Stored dataset items
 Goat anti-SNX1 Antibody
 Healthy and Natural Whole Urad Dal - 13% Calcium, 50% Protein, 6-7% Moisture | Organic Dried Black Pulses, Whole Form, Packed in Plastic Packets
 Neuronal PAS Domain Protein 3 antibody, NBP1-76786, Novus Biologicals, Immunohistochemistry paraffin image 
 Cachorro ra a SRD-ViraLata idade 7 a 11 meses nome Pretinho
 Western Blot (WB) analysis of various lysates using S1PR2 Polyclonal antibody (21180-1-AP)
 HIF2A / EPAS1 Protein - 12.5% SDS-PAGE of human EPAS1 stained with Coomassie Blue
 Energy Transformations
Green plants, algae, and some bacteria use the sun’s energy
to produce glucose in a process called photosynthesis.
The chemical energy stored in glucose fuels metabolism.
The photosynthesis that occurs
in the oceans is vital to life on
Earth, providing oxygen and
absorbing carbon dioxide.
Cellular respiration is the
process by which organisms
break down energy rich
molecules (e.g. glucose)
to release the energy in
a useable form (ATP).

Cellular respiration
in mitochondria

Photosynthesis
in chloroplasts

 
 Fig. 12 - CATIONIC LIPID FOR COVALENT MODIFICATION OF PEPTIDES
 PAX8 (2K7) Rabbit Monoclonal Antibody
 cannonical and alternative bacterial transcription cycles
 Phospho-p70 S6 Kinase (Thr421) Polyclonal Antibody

## YOUR INSTRUCTIONS:
A complete answer reproduces every line of the records in which the word "glucose" occurs.

## TASK RESPONSE:
to produce glucose in a process called photosynthesis.
The chemical energy stored in glucose fuels metabolism.
molecules (e.g. glucose)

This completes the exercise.